I felt that Wavelength came to me very naturally and the time constraint I was working under might have played a part in that. But the track is under three minutes. There’s nothing wrong with that, but I now hear elements of the track that I want to bring out more and showcase. And perhaps an 80s-style 12-inch version would sound nice. Maybe I’ll even offer the track up for remixes.

What was it like working with Oceanside85 on “Passion”?

Chelsea Owens, who is the producer behind Oceanside85, is from my part of the world here in British Columbia, Canada. We broke into the scene not far apart and share many of the same producer friends. We’ve known each other for a few years now. She did a fantastic remix of “No Way Out” on my City Boy album. She is a terrific producer in the synthwave scene with a terrific voice when she uses it; it has an edge to it. When the track Passion started to take shape, it had a very raw, sexual tone to it. I played the vocal melody for Chelsea with a few lyrics, and I gave her full range to improvise melody lines and lyrics however she wanted. In the end, I arranged parts of the track around her improvising. That’s one of the challenging tracks I mentioned earlier. I created a lo-fi love song.

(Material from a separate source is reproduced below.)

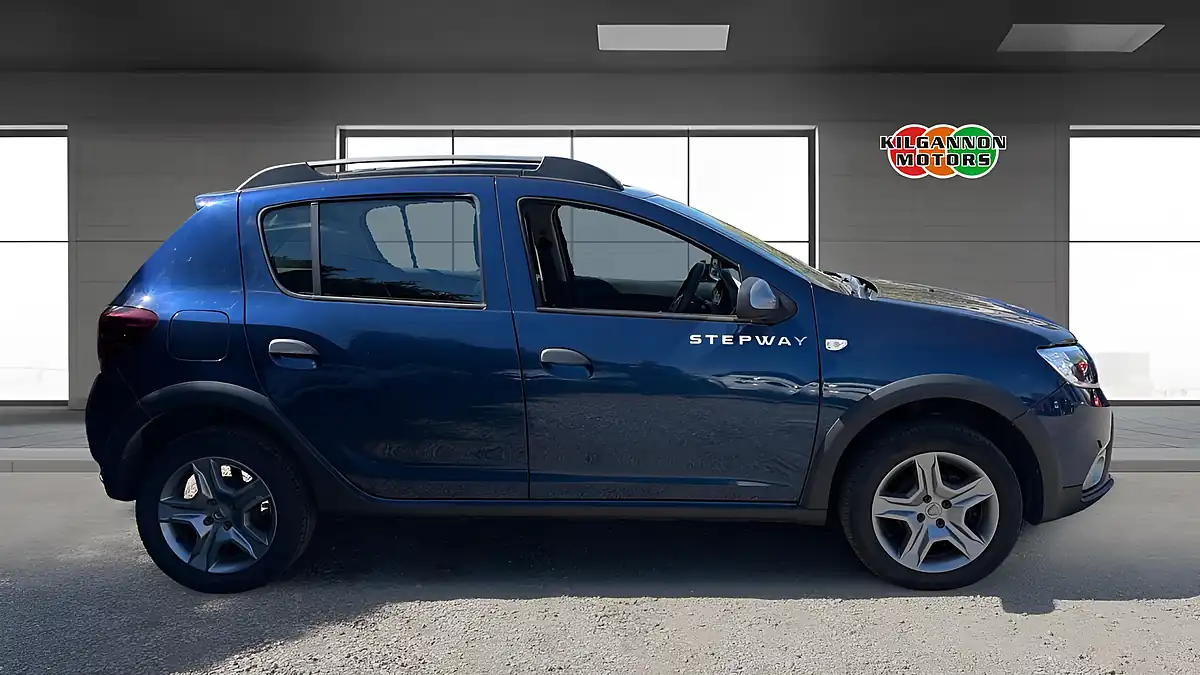 Used 2019 Dacia Sandero Stepway Comfort Blue - Interior and Exterior details 16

How does it feel to have this EP finished, and what’s next for you? What are your goals for the rest of 2018?

I have very mixed feelings about this EP being finished. Shattered took many forms before the final released version. It started out much more raw, with an excessive amount of dance elements, but scattered over the decades, from the 70s through the early 90s. The only cohesive element was the dance element. I turned the EP on it’s head when I dropped four tracks in total, then added “Wave Length.” Now aside from the 70’s disco track “Shattered,” it’s a more cohesive collection of songs.

With this self-indulgent little mini-project done, I’m planning on a return to the heavier, darker synth sound of my album City Boy with a sequel, City Boy 2. It’s very early; I’ve only started work on a few demos, but amazing producers like Stilz and Syntax who are featured on City Boy have agreed to return, as well as a producer I’ve never worked with before but who I’ve admired for years. I’m very excited to work with these guys–now the pressure’s all on me to give them something solid to work with.